Courtesy Free Library of Philadelphia
Charles Dickens’s pet raven, Grip, and the inspiration behind Poe’s best-known work is on view at the Free Library.

The City of Brotherly Love fêtes its darker side.

Philadelphia isn’t the only city staking a claim to Edgar Allen Poe in 2009 — there’s also Boston, where he was born, and Baltimore, where he died in 1849, aged 40 and miserable. Some might argue that for a writer whose raw material was diabolism and eerie suspense, the attention should go to the city that claims Poe’s corpse. But better to save visits to his grave in Baltimore for the 160th anniversary of his death in October. More important is Poe’s 200th birthday this month, and the place to celebrate in early 2009 is Philly, where Poe enjoyed six (1838–44) of his happiest and most productive years, turning out some of his best short stories and criticism while editing two magazines.

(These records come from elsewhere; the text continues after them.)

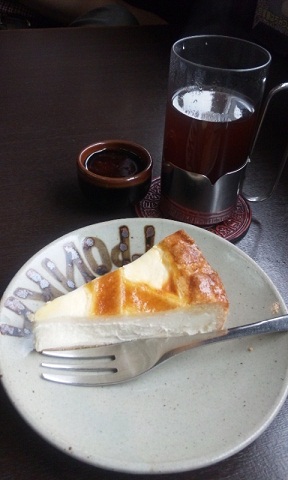 チーズケーキとロシアティ.JPG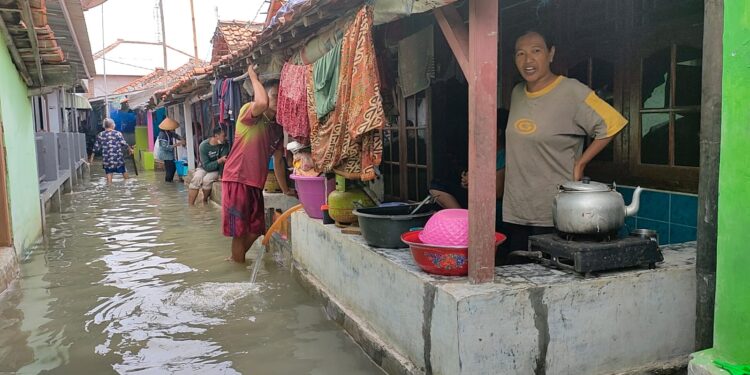 Warga Mengaku Sudah Puluhan Tahun Banjir Rob Landa Pesisir Eretan Wetan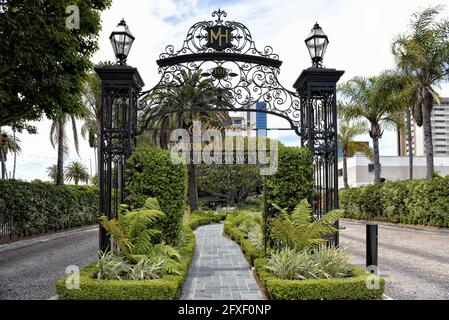 SANTA MONICA, CALIFORNIE - 25 MAI 2021: Le Fairmont Miramar Hotel and Bungalows est un hôtel historique cinq étoiles situé près de la plage, non loin de la sa Banque D'Images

At the rare book division of the Free Library is “Quoth the Raven: A 200 Year Remembrance of the Life and Legacy of Edgar Allan Poe,” on view through February 13 for hard-core Poe fans who want to see autographed manuscripts, including “The Raven” and “Murders in the Rue Morgue,” and first editions of “Tamerlane” and “The Balloon Hoax.” The show’s star is a stuffed bird, Grip, Charles Dickens’s pet raven and the inspiration behind Poe’s best-known work, which he started in Philadelphia but published after moving to New York. (While you’re at the library be sure to save some time for the four recently rediscovered banners by Alexander Calder, on view until March.)

Poe had several addresses during his stay in Philadelphia, but only one is still around today. For the bicentennial, the Edgar Allan Poe National Historic Site, otherwise known as Poe House, located at Seventh and Spring Garden Streets, just reopened with several new exhibits. Poe lived in the house for about a year and a half, producing works including “Black Cat” — a trip to the basement, which remains largely unchanged, will resonate with those who remember the story’s creepy details. In the houses (the site extends to the one next door, though neither is furnished with original pieces) visitors can listen to readings of Poe’s work by such modern-day scaremongers as Vincent Price, Basil Rathbone, and Christopher Walken. There’s also a new exhibit about the writer’s life and work in Philadelphia, as well as an interactive exhibit for children involving Poe’s brain.

Of course no one can know what was really going on in Poe’s brain during his years in Philadelphia, but a few attractions founded around that time might provide some insight into his influences.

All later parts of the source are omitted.